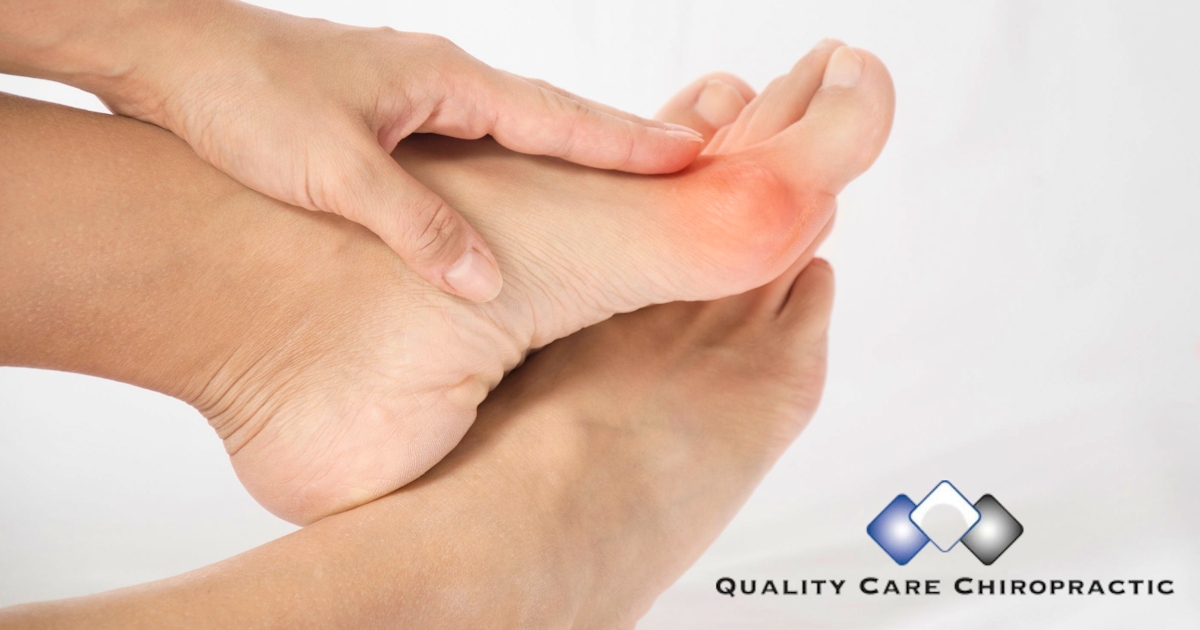 Bunion: Strengthening Foot Muscles To Reduce Pain and Improve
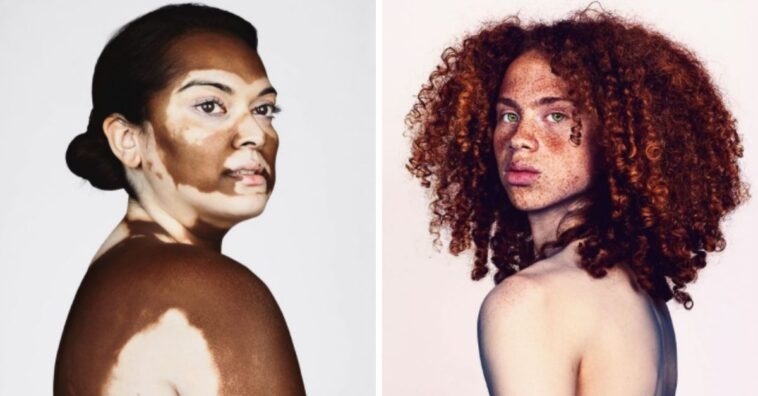 pessoas com sardas e vitiligo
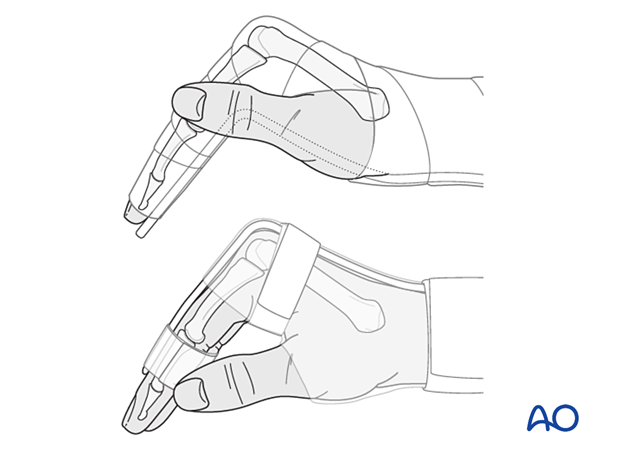 Patient with arm in a well-padded below-elbow splint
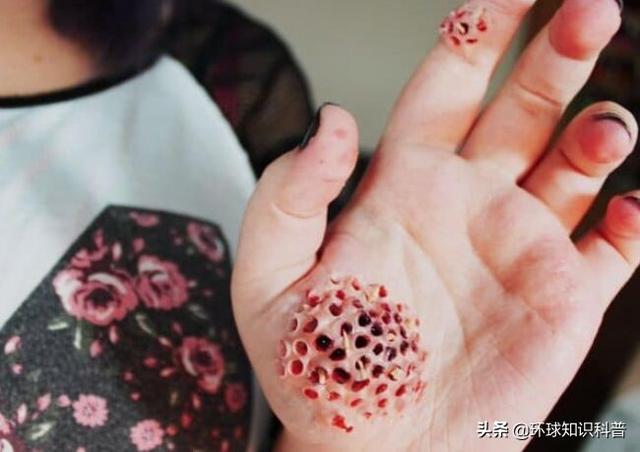 密集物体恐惧症，十种最奇异的恐惧症（人为什么会有密集物体恐惧症）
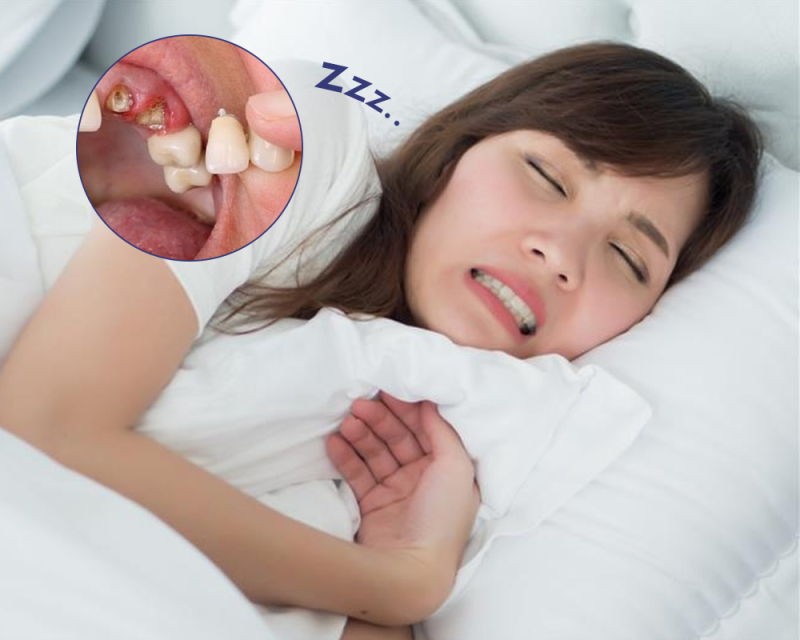 chiêm bao thấy rụng răng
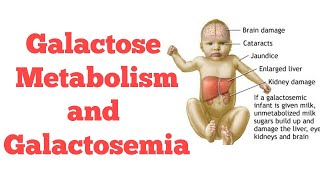 Galactose metabolism  Biochemistry [upl. by Annnora]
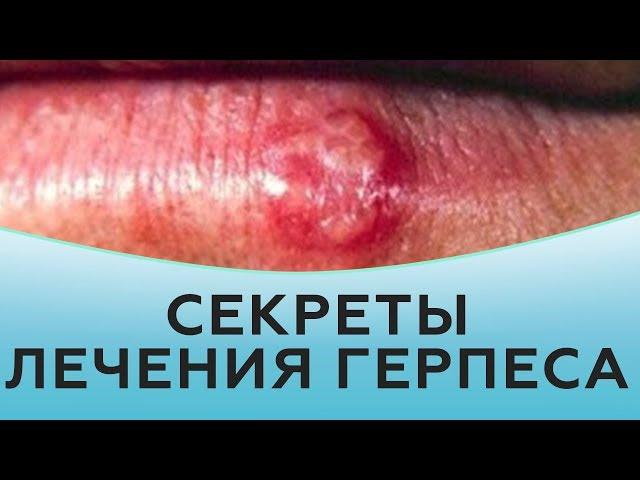 Секреты лечения герпеса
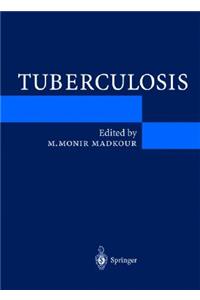 Tuberculosis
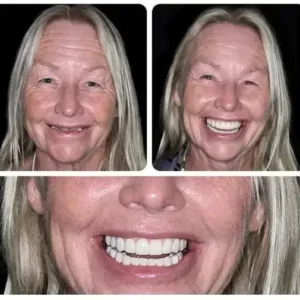【Official Brand -Custom-Fit Functional Dentures — Combination pack - Image 3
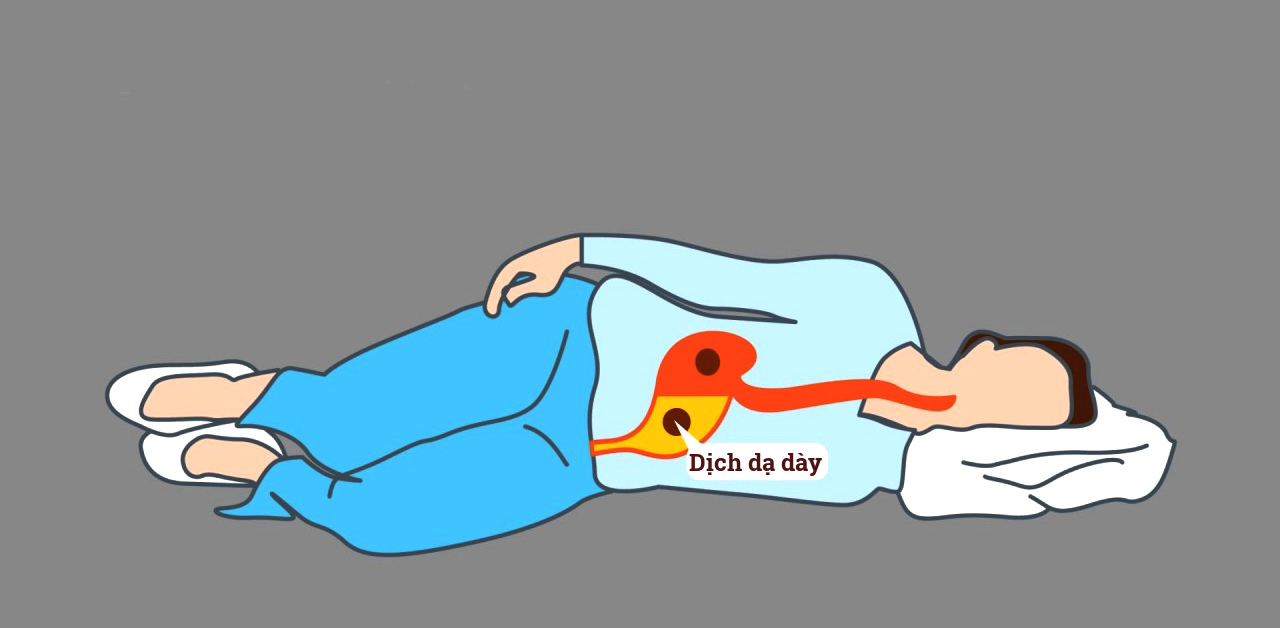 Kê cao đầu giường và nằm nghiêng trái tốt cho người bệnh trào ngược dạ dày 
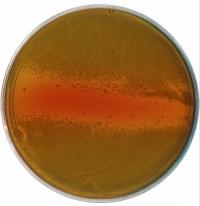 MRSA in Petri Dish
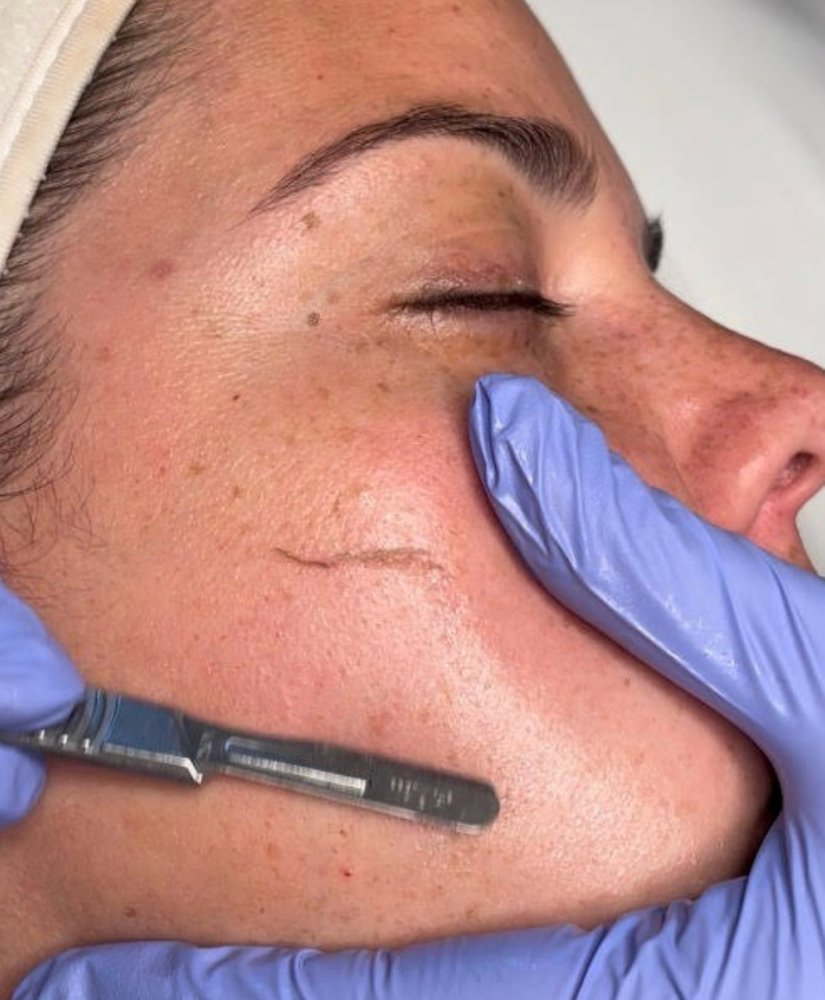 Dermaplaning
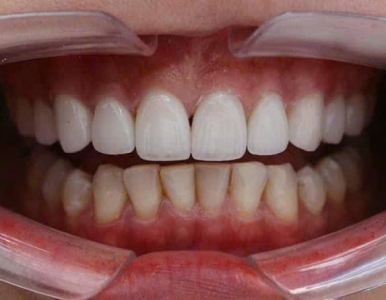 Dán sứ vernee ? thẩm mỹ đẹp, không đau tại Nha Khoa SV.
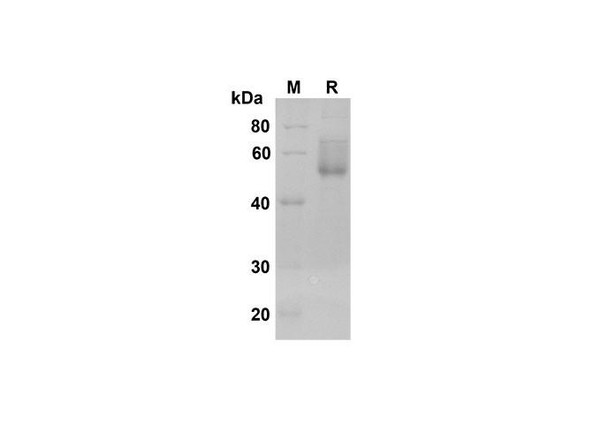 Recombinant Human DKK-3 Protein (His Tag) (RPES8360)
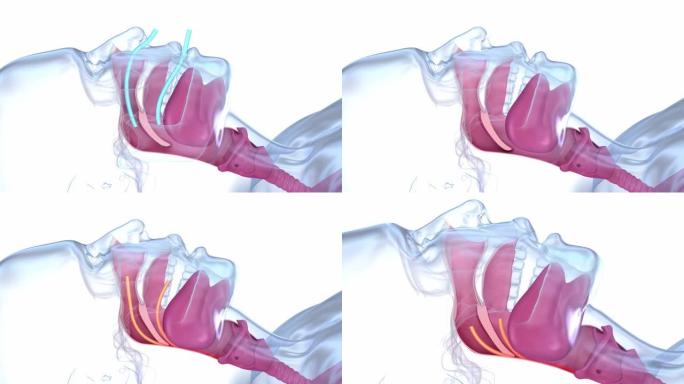 睡眠呼吸暂停综合征。标记鼻舌阻塞气道，3D动画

__TASK STATEMENT__
I need the lines from the one containing "pack - Image 3" through the end of the records retyped exactly, with the pictures left out.

__YOUR SOLUTION__
【Official Brand -Custom-Fit Functional Dentures — Combination pack - Image 3
 Kê cao đầu giường và nằm nghiêng trái tốt cho người bệnh trào ngược dạ dày 
 MRSA in Petri Dish
 Dermaplaning
 Dán sứ vernee ? thẩm mỹ đẹp, không đau tại Nha Khoa SV.
 Recombinant Human DKK-3 Protein (His Tag) (RPES8360)
 睡眠呼吸暂停综合征。标记鼻舌阻塞气道，3D动画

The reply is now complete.